Output exactly the lines from the line that has "Firefighter Unisex Heavy" through the last line of the data below, with no pictures.

Data section
|---|
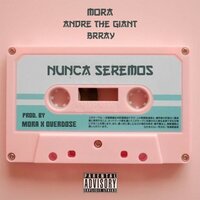 Nunca Seremos - Brray, Andre the Giant, Mora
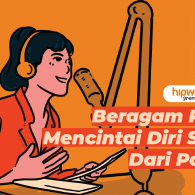 Beragam Rumus Self Love dari Podcast. Pengingat Betapa Berharganya Dirimu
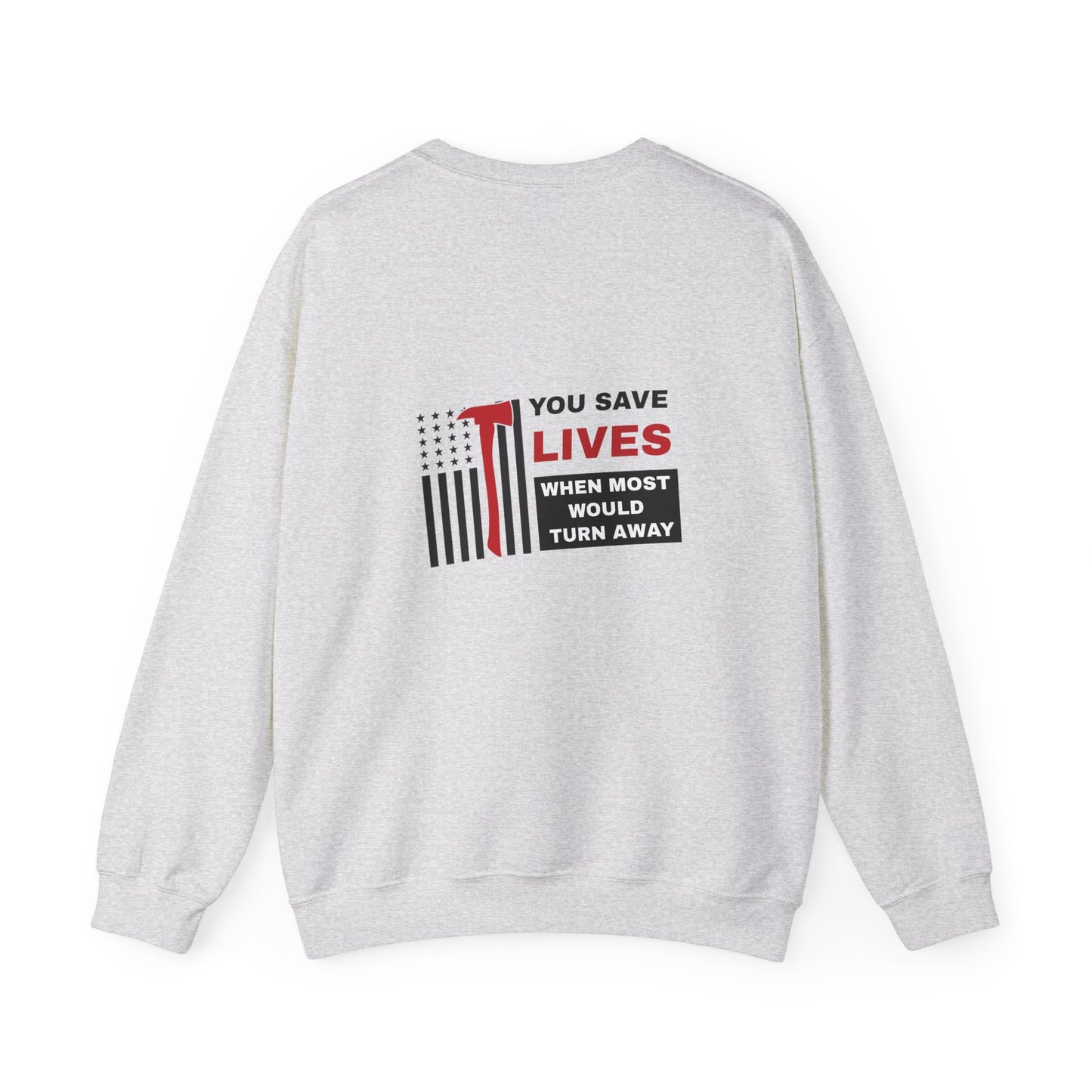Firefighter Unisex Heavy Blend Crewneck Sweatshirt – You save lives when most would turn away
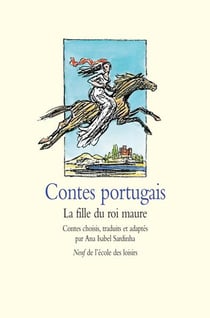 Contes portugais - la fille du roi maure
|---|
Problem solution
Firefighter Unisex Heavy Blend Crewneck Sweatshirt – You save lives when most would turn away
 Contes portugais - la fille du roi maure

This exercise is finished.